By Petronela Putri, Jumat, 7 April 2017 | 03:09 WIB
(Foto: pasbana.com) (Petronela Putri)

Setiap daerah memiliki kebudayaannya masing-masing, termasuk dalam pelaksanakan pesta pernikahan. Di Minangkabau, Sumatra Barat, salah satu prosesi yang terkenal adalah ‘Malam Bainai’.

Malam Bainai untuk menghindarkan pengantin wanita dari hal buruk

Malam Bainai merupakan ritual melekatkan tumbukan daun pacar merah ke kuku calon pengantin wanita, yang dilakukan pada malam sebelum hari pernikahan. Tumbukan ini akan didiamkan semalaman, hingga meninggalkan warna kemerahan pada kuku.

Calon Anak Daro –sebutan bagi pengantin wanita, diyakini akan terlindung dari bahaya atau hal-hal buruk lainnya jika sudah melewati prosesi ini. Daun pacar merah ini dikenal masyarakat Minang sebagai daun inai, oleh karena itu prosesi ini kemudian dikenal sebagai prosesi ‘Malam Bainai’.

Namun tidak semua masyarakat di Sumatra Barat mempercayai hal tersebut sepenuhnya. Sebab pada zaman sekarang prosesi Malam Bainai hanya dianggap sebagai sebuah proses untuk membantu mempercantik kuku calon pengantin wanita saja.

Baju Tokah: busana calon pengantin wanita

Ada satu busana khusus yang dikenakan calon pengantin wanita ketika Malam Bainai. Busana ini bernama Baju Tokah. Sebuah selendang akan dipakaikan menyilang di dada calon pengantin wanita, namun bagian bahu dan lengan dibiarkan terbuka.

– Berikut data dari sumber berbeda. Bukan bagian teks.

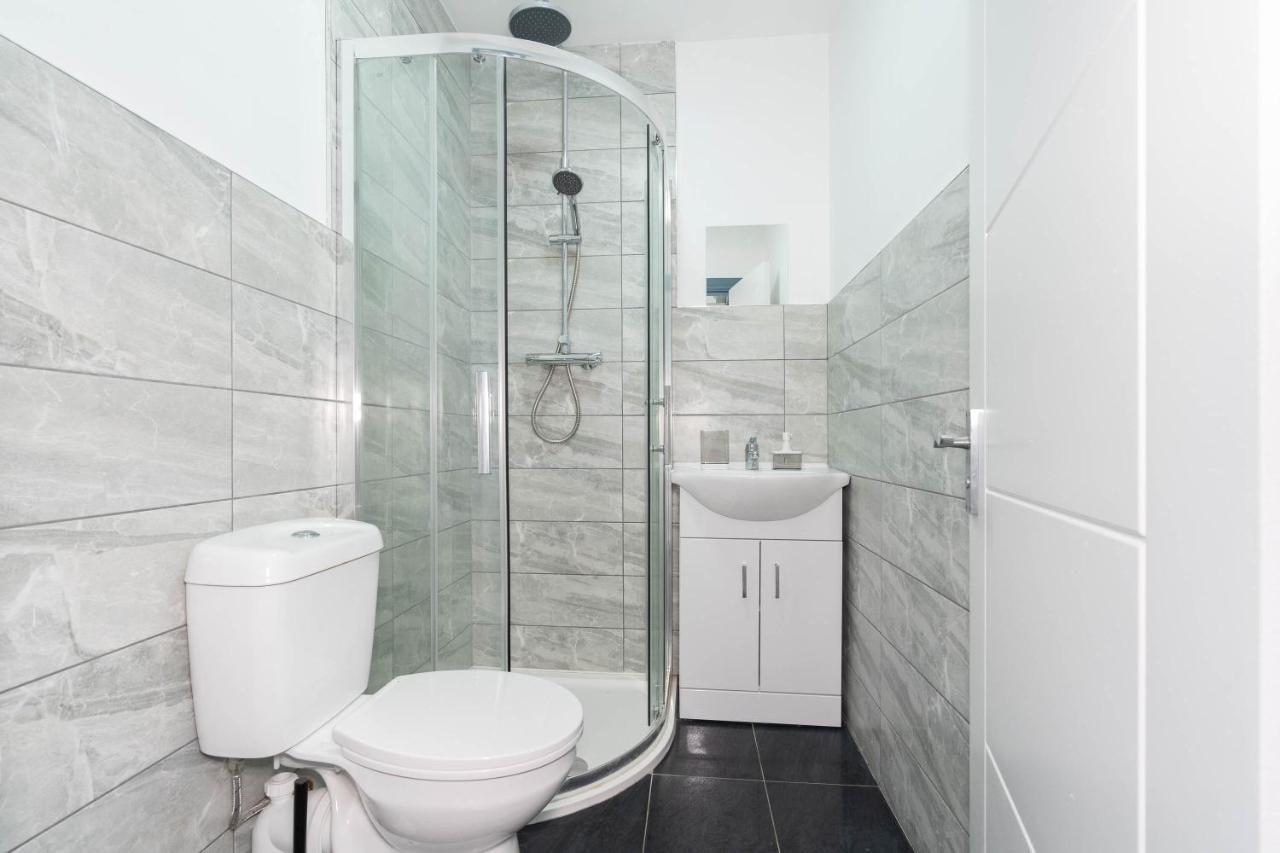 Sky One Bedroom Modern 8 * Birmingham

Selain Baju Tokah, calon Anak Daro juga mengenakan sebuah suntiang (hiasan pada bagian kepala) yang ukurannya lebih rendah.

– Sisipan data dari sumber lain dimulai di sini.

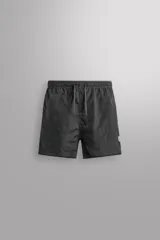 Short de entrenamiento Zara Athleticz confeccionado en tejido técnico ligero con estructura. Cuenta con malla interior, cintura elástica ajustable con cordón, bolsillos laterales y aberturas en el bajo.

Mandi-mandi sebelum Malam Bainai

Sebelum melakukan prosesi Malam Bainai, biasanya calon pengantin wanita akan menjalani ritual mandi, biasa dilakukan pada siang atau sore harinya. Namun, mandi yang dimaksud sedikit berbeda dengan pengertian pada umumnya. Di Sumatra Barat, calon Anak Daro hanya akan dipercikkan air kembang sebagai simbol saja.

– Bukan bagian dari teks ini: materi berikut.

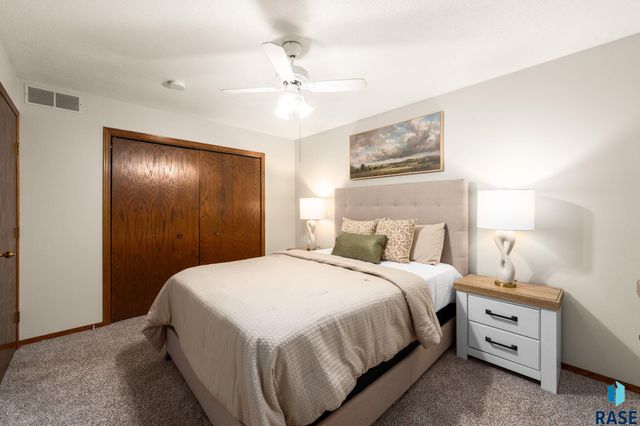 705 N Montgomery Ct Court, Sioux Falls, SD 57103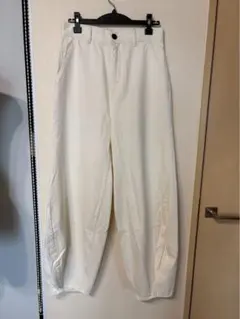 the black デニムパンツ ホワイト バルーン バレルレッグパンツのサムネイル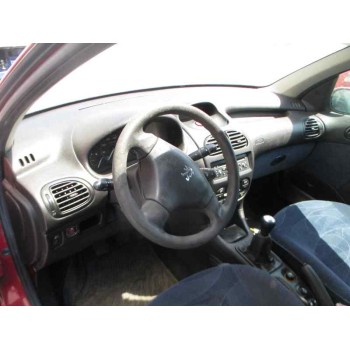 peugeot 206 berlina del año 2002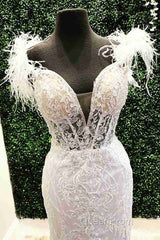 Plunging V-Neck Red Feather Shoulder Long Evening Prom Dresses Gala Evening Gown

Ada beberapa peraturan yang wajib dilaksanakan ketika mandi-mandi ini, salah satunya adalah bahwa yang boleh memercikkan air kembang kepada calon Anak Daro adalah kedua orangtuanya sendiri. Jumlah percikannya tidak boleh genap, melainkan harus ganjil. Selain itu, ada keluarga besar yang turut hadir sebagai wujud kasih sayang dan restu mereka atas pernikahan tersebut.

Air yang dipercikkan pun bukan sembarangan air, lho! Air kembang ini akan dipercikkan dengan menggunakan sebuah daun bernama daun sitawa sidingin atau daun cocor bebek.